Inspired by the relative success of the sampled hRVO thing, I though I'd dust off my old ClearPath proto and try out how it would compare with the sampling based method.
I have to admit that the recent ORCA explanation video also sparked some gas too. I think I got the ORCA thing finally after seeing it in that video.
Without further due here's the video.
There are a couple of tricks I added on top of ClearPath. I use similar side bias as HRVO uses, that is based on the velocities and location of the objects, one side of the VO is expanded. It helps the agent to choose one side and reduces the side selection flickering.
Another trick I added is that I clamp the VO cone using a spike instead of a butt end like they do in the ClearPath paper. This makes the avoidance much smoother as can be seen in the head-to-head examples. It adds much needed prediction Clodéric mentioned in the comments of my last post.
I used different time horizon for static and moving obstacles, this allows the agents to move close to the walls while avoiding each other. This is quite important to get good behavior in crowded locations.
The sudden movements are caused by thin sliver section being opened and closed based on neighbour movement.
Geometric vs. Sampled
In many cases the geometric methods are much smoother than any sampling method. I think its biggest drawback is that the result is binary. You're either in or out. But that is also its strength too making the results accurate. The binary results also mean, that it is possible to get into situations where there is no admissible velocity at all.
Another con of the geometric method is the velocity selection. A common way is to just move the velocity to the nearest location at the border of the velocity obstacle. On crowded cases this results dead-locks as can be seen in the video too. I'm pretty sure that if the floating point results would be super accurate, the dead-locks would never resolve.
You can see similar clogging, which is present in my video, in the ClearPath video too (at the time they turn the speed to 10x).
The sampled VO looks smoother too, especially around the tip of the cone. In practice this means that you are less likely to run into situations where there is no admissible velocities. You will get high penalty for velocities which will collide with another agent, but sampling allows you to take the risk.

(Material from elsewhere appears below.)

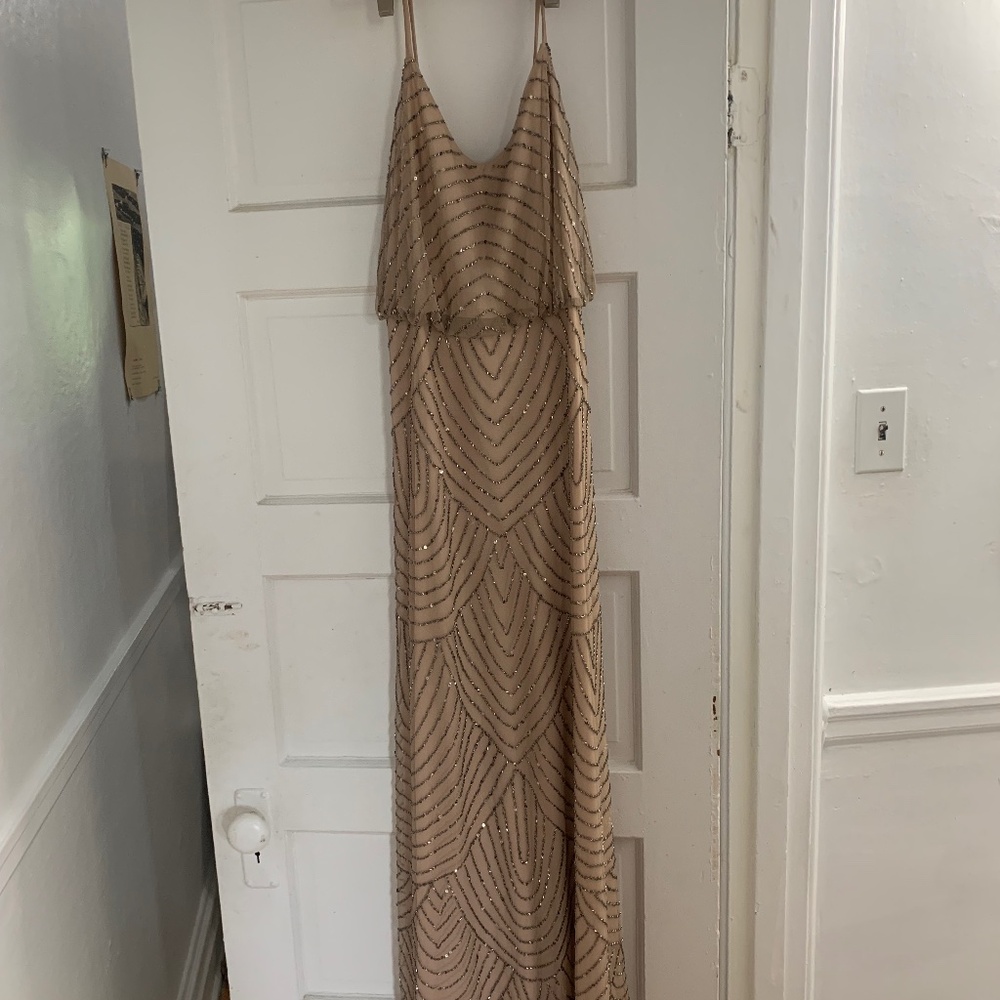 Adrianne Papell Champagne Pink Beaded Gown Size 2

Sampling also allows to combine multiple different weights when calculating the best velocity. This allows a bit more interesting methods to smooth out velocity selection.
I'd love to see an academic paper which compares the pros and cons between these two methods and educated conclusion. Too bad most papers present their new method as the best thing since sliced bread and fail to address the cons properly.

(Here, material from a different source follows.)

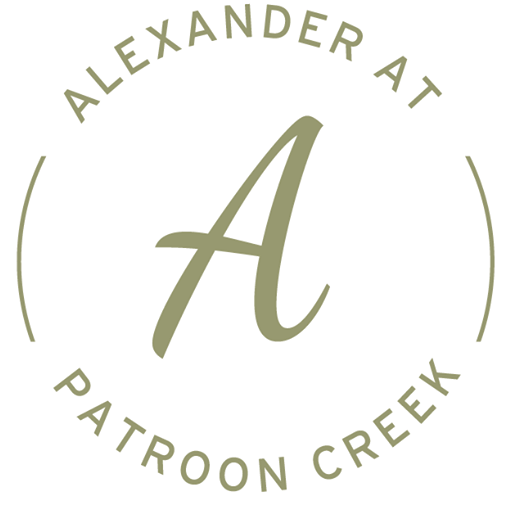 Alexander at Patroon Creek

The sampling method looks really good and smooth when I have 129x129 samples (like in the example picture above), but that amount of samples is totally impractical. I think sample counts around 200 start to become acceptable, I'd love to have less. I will try to see if I can cook up some wacky stable adaptive version to reduce the sample count.
I think the geometric method could be improved quite a bit if I could figure out better method to clamp the velocity to the boundary of the VO. Nearest point is evidently not good enough.
I do like both methods. I will continue trying to fix the cons of both as time permits. And I have a funny feeling that one of these methods might be good enough for a triple A quality agent movement. Well, that would still lack the animation bit, but that is another story.